The district made a fresh start on Nov. 22 by holding a “town opening” ceremony after erecting about 450 new dwellings.
But with Taro’s population down to about 70 percent since the quake and tsunami, and its new seawall delayed, residents are worried about the struggles they will face during the years-long recovery process.
The area, which has a narrow cove facing the ocean, was also hit by tsunami in 1896 and 1933 that claimed 2,700 lives.
History made them wise enough to realize survival means fleeing to higher ground, despite the area’s famous double seawall, which was dubbed “Banri no Chojo” (“Long Castle of 100,000 Miles”), Japan’s name for the Great Wall of China.
But they may have let their guard down on March 11, 2011, when the deadly waves swept over the seawall and flooded the area, leaving 181 people dead or missing, and nearly 1,700 dwellings damaged or destroyed.
“Even if there is (sufficient) infrastructure, at the end of the day you must protect your own life. You need to remember that you have to evacuate,” Sasaki warned.
In the more than four years since, Miyako has built about 450 new dwellings both on higher ground 40 to 60 meters above sea level and on ground raised by about 2 meters.
Aiko Akanuma, 74, who had lived in the center of the city, moved into a public dwelling on higher ground earlier this month, giving up land she had lived on for 50 years.
When the tsunami hit, Akanuma ran from her home to a nearby public facility. She might not be so lucky next time, she said.
“If another one hits, I don’t think I will be able to escape,” she said, citing her bad legs.
Others, like photo shop owner Shigeo Tsuda, 75, are returning to the city center even though it’s on low ground.
“I came this far with help from people from across the nation,” said Tsuda, who reopened his store on a street just inside the seawall.

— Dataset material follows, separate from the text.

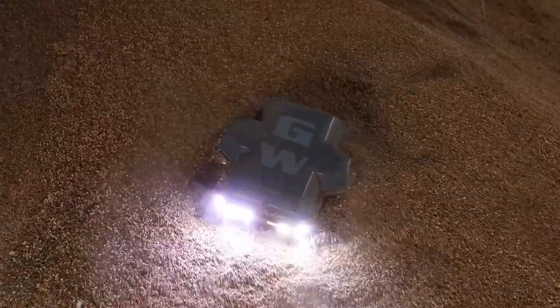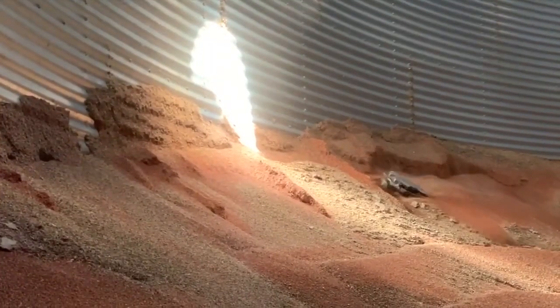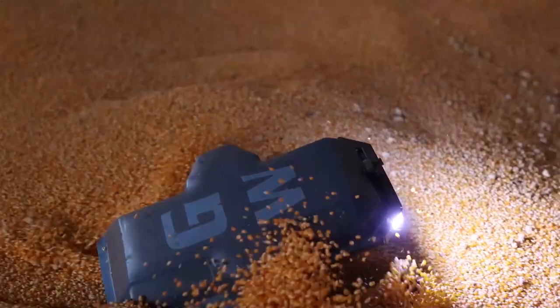As they developed and got a robot working, they started to realize they could help a lot of people with this. A little research got them started working on the Grain Weevil, designed to break up crusted grain, level bins, and other tasks. They really started focusing on safety aspects — specifically, whether they could break up crusts and bridges so farmers don't have to go in when conditions are bad.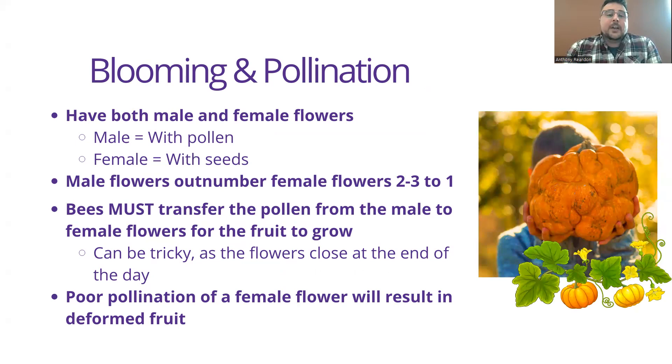Pumpkins have both male flowers and female flowers — male flowers have the pollen, female flowers have the seed. Typically there will be two to three male flowers to every one female flower. Because of this, bees are absolutely necessary; they must transfer pollen from the male flower to the female flower for a fruit to form. This can be tricky because flowers close at the end of the day and are only open for a certain time period. It's really important to encourage pollinators into your area to ensure pollination. If you can't ensure pollination, you may have to use a paintbrush and do it yourself.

Yet he worries.
The reason he decided to reopen in the same spot was because he was told a new seawall would be in place by next March. But due to other reconstruction projects, the 14.7-meter-high seawall was delayed. It is now expected to be finished by the end of March 2017.
“If there is another tsunami, the town will be destroyed again,” he said. “It’s really scary.”
The city says Taro had a population of 3,173 as of Nov. 1, down from more than 4,400 before the tsunami. It plans to build 220 dwellings at its center but has only received requests for 20 to 30, including shops.
Tsuda is thinking about rebuilding his house, but plans to stay in public housing for now. He decided to reopen his photo shop, the only one in Taro, out of a sense of mission.
“But I can’t sleep well at night, as I’m worried about whether I can really make a living,” he said.